= What you are asked to do =
Extract the lines from the first one in the records below through the line containing "small and tiny", keeping both ends and leaving out any pictures.

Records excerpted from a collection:
___

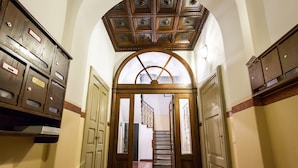 A hallway with wooden lockers, a decorative ceiling, and a staircase leading to another area. - Como Design Apartment (Como)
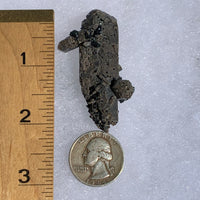 small and tiny brookite crystals on a smokey quartz point cluster next to a ruler and a quarter for scale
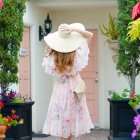 Woman in white dress with wide-brimmed hat by floral door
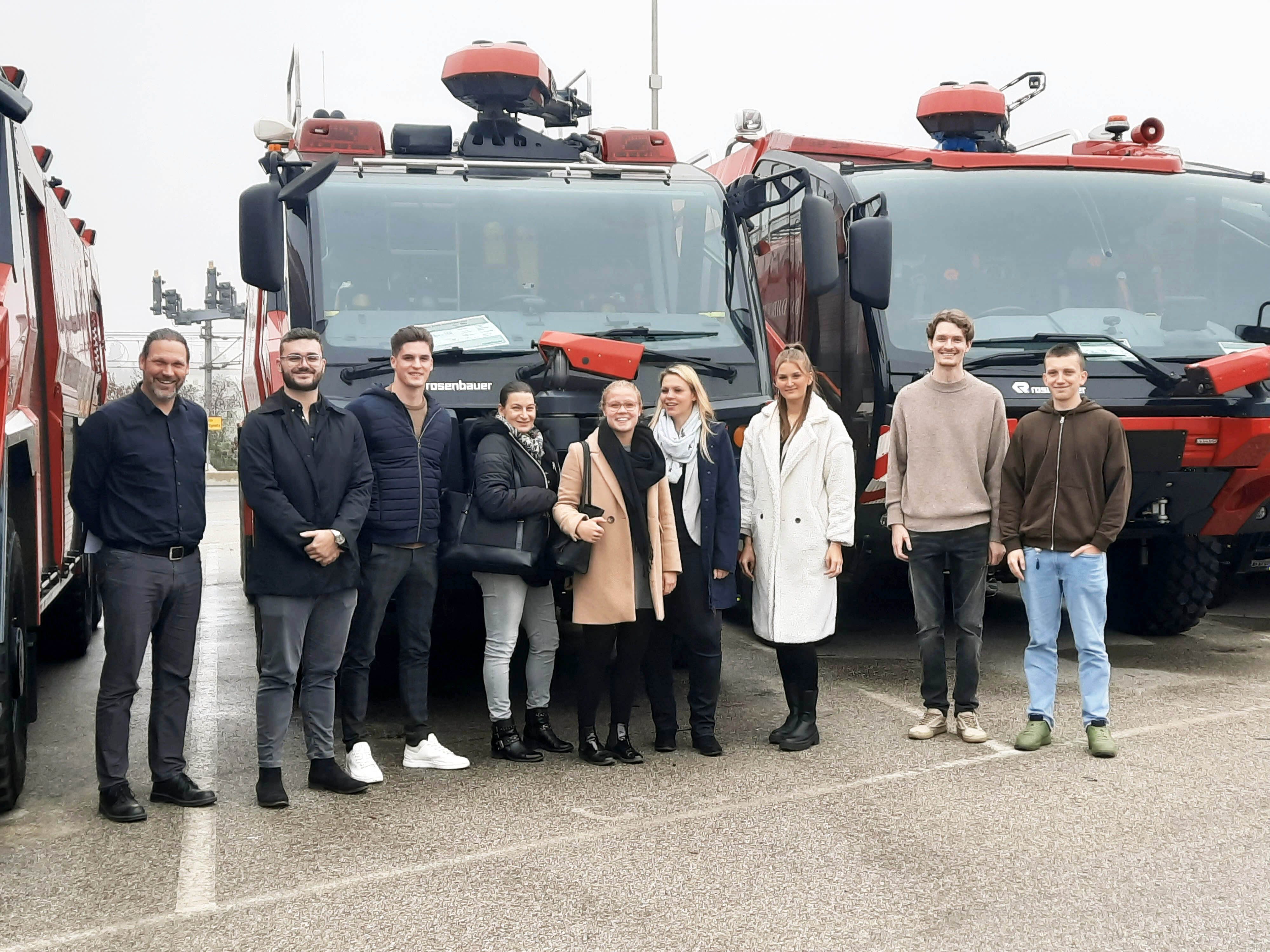 Auf dem Foto stehen neun Männer und Frauen vor Feuerwehrautos der Firma Rosenbauer und lächeln für ein Gruppenfoto.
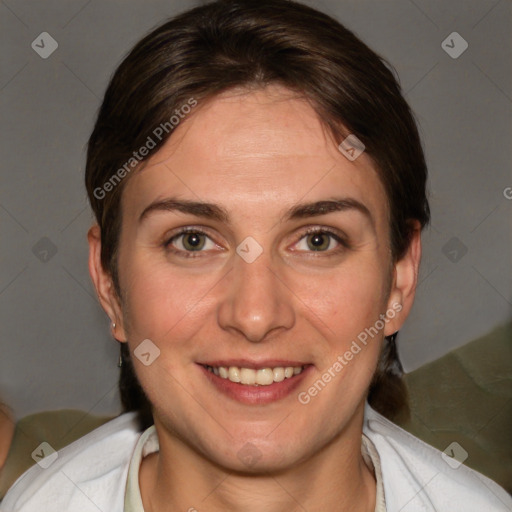 Joyful white adult female with short  brown hair and brown eyes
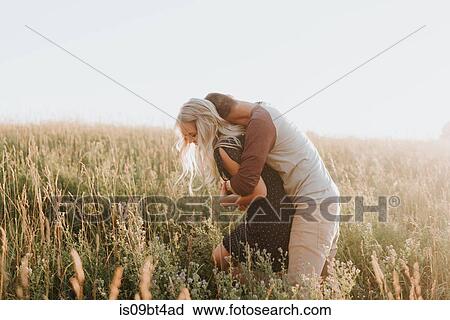 Stock Image - Romantic man hugging girlfriend in field of sunlit long grass. Fotosearch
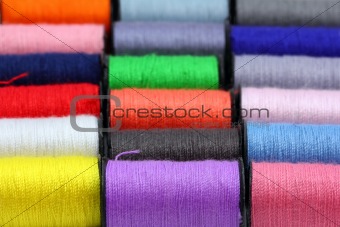 lot of colored thread spools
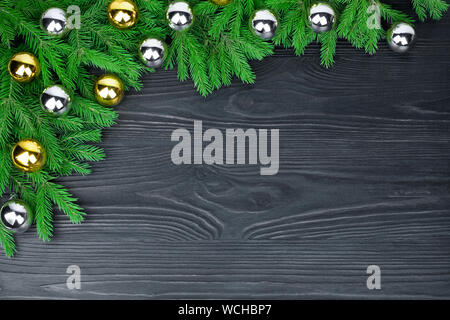 Christmas festive border, New Year decorative frame, shiny gold and silver balls decorations, green fir branches on dark black wooden background Stock Photo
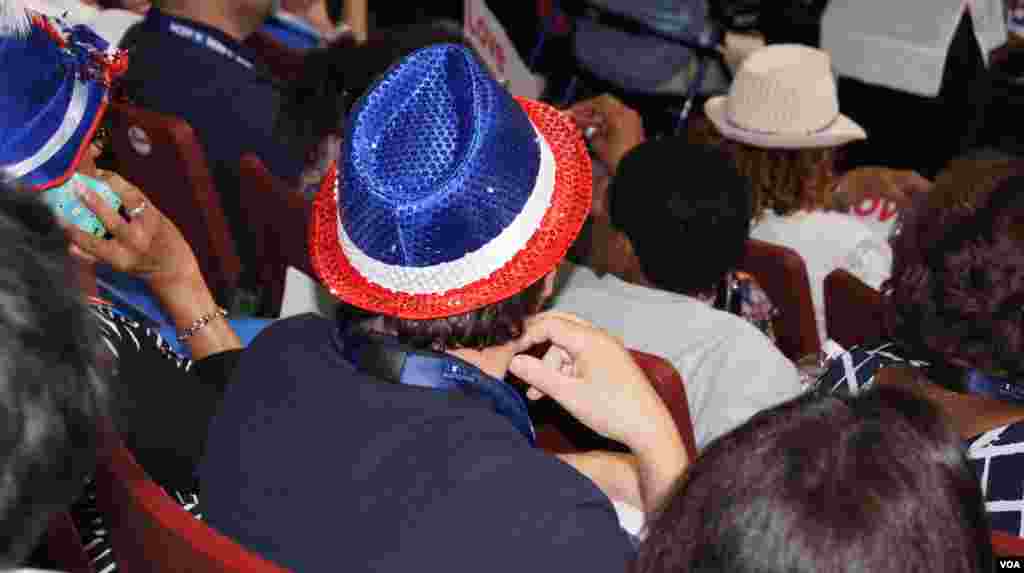 Delegates sport their hats at the DNC in Philadelphia (Photo: S. Barua/VOA)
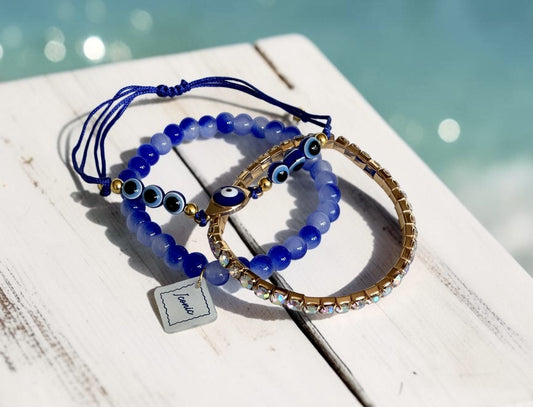 Three blue and gold beaded bracelets with evil eye details, displayed on a white wooden surface with a blurred turquoise background.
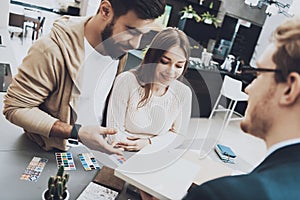 Manager sits at table with customers and discusses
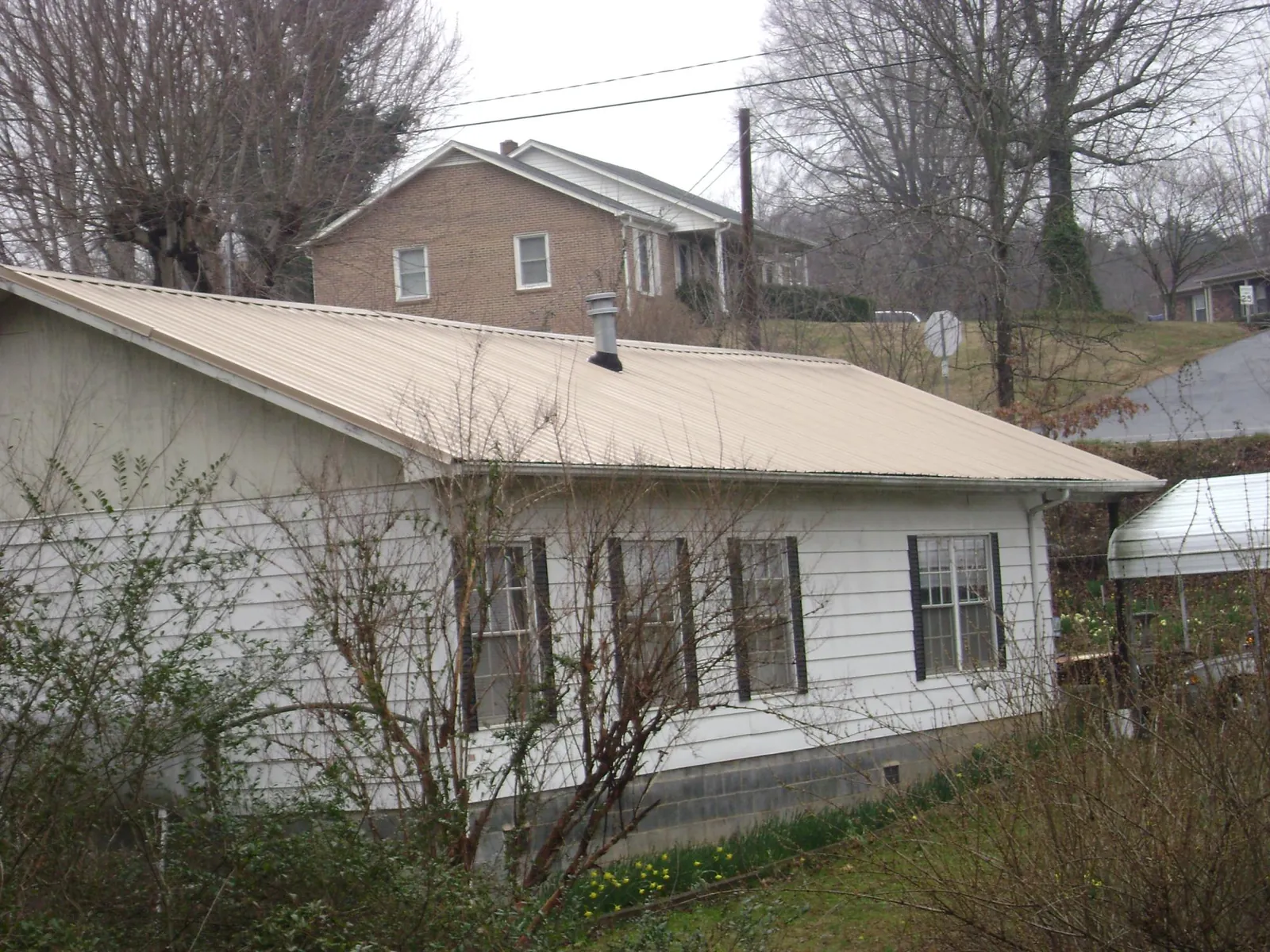 Tan metal roof on a white sided house set into a hillside — Commercial Roofing by Roofing Brothers in Cranberry Township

___

= Answer for this exercise =
 A hallway with wooden lockers, a decorative ceiling, and a staircase leading to another area. - Como Design Apartment (Como)
 small and tiny brookite crystals on a smokey quartz point cluster next to a ruler and a quarter for scale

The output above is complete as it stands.